First, we must create a client tied to a components endpoint, we can do this using the labels defined above. Here we are getting a client tied to the `generate` endpoint of the `VllmWorker` component.

```python
client = namespace('dynamo').component('VllmWorker').endpoint('generate').client()
```

We can then use the default routing methods exposed by the client class to send requests to the `VllmWorker` component.

- **Random routing**: Default strategy, available via `client.generate()` or `client.random()`
- **Round-robin routing**: Cycles through available workers via `client.round_robin()`
- **Direct routing**: Explicitly targets a specific worker via `client.direct(input, component_id)`

KV Cache routing uses direct routing with a special worker selection algorithm.

## Understanding KV Cache
The leading Large Language Models (LLMs) today are auto-regressive and based off of the [transformer architecture](https://proceedings.neurips.cc/paper_files/paper/2017/file/3f5ee243547dee91fbd053c1c4a845aa-Paper.pdf).

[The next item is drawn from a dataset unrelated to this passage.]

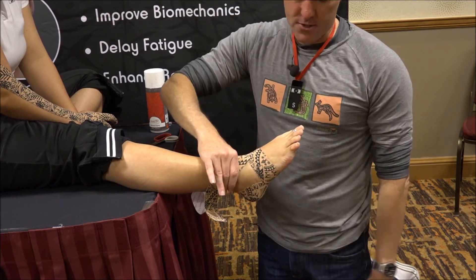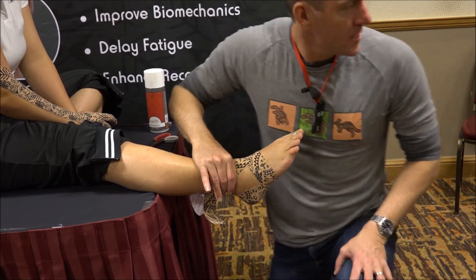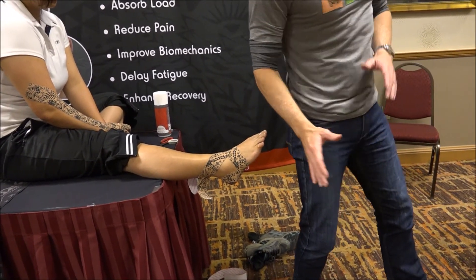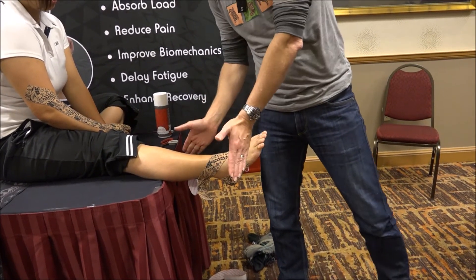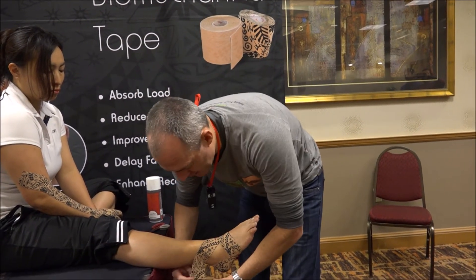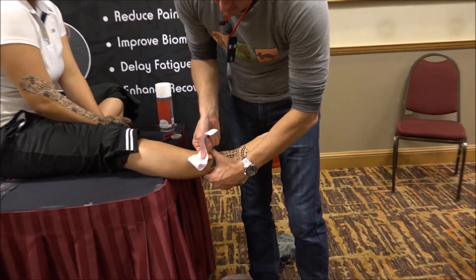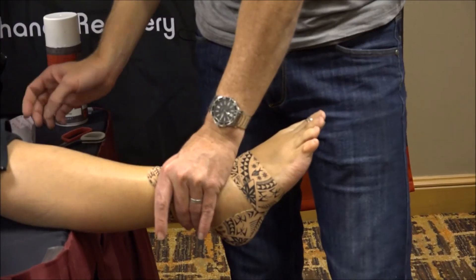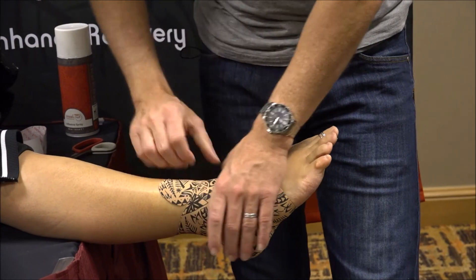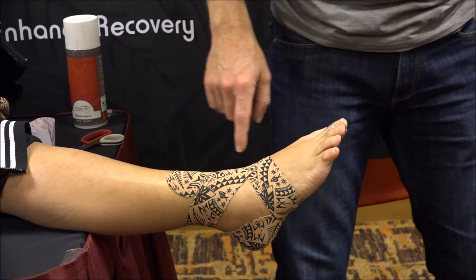If it was somebody who had a syndesmosis injury — those tend to occur with weight-bearing external rotation, often people getting tackled, and you get that inferior tib-fib joint issue and diastasis or syndesmosis injury. You could again — this is the force closure idea which we'll expand upon — come all the way around to create some compression through that inferior tib-fib joint through the recoil of the tape. And so if the injury was created that way, we want to go the other way, which is this direction.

One key inference optimization technique is to cache the already computed keys and values and to reuse them for the future tokens. This is called the [KV Cache](https://developer.nvidia.com/blog/mastering-llm-techniques-inference-optimization/#key-value_caching).

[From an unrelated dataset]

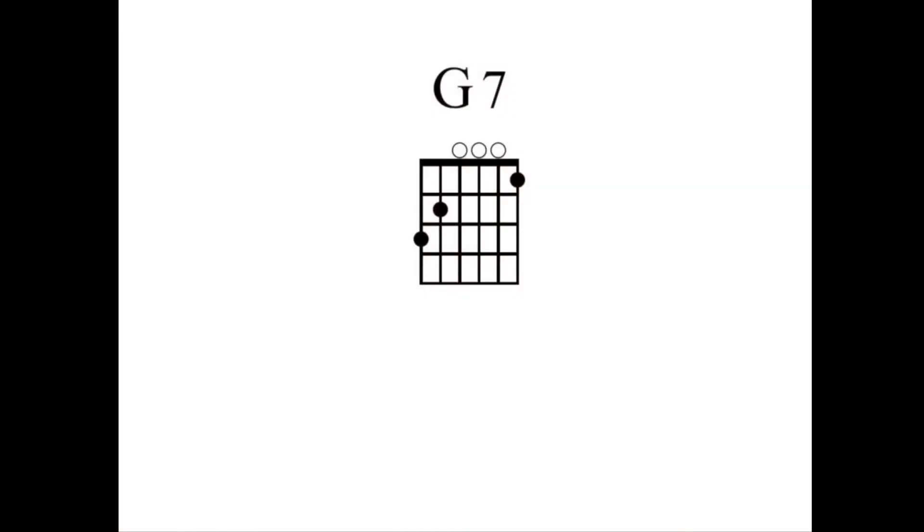You can see from the diagram of the G7 chord that there are three notes that are pushed down and three open strings, like the G chord. For the G7 chord we will play the same two lower notes as the G chord, along with an F note on the high E string.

### KV Cache Optimizations
Every inference framework will have a KV Cache for each worker. A popular inference framework library is [vLLM](https://github.com/vllm-project/vllm) where a key contribution was [PagedAttention](https://arxiv.org/abs/2309.06180), which allowed them to manage KV Cache in an efficient way by chunking requests into blocks.

Another popular inference framework, [SGLang](https://github.com/sgl-project/sglang), contributed [RadixAttention](https://arxiv.org/abs/2312.07104) which introduced a
prefix tree which allows for efficient matching, inserting and eviction of KV Cache blocks. The prefix tree structure popularized KV Cache reuse.

In Dynamo, we introduce a KVPublisher which emits KV Cache events that occur at each worker and a KVIndexer which keeps track of these events globally.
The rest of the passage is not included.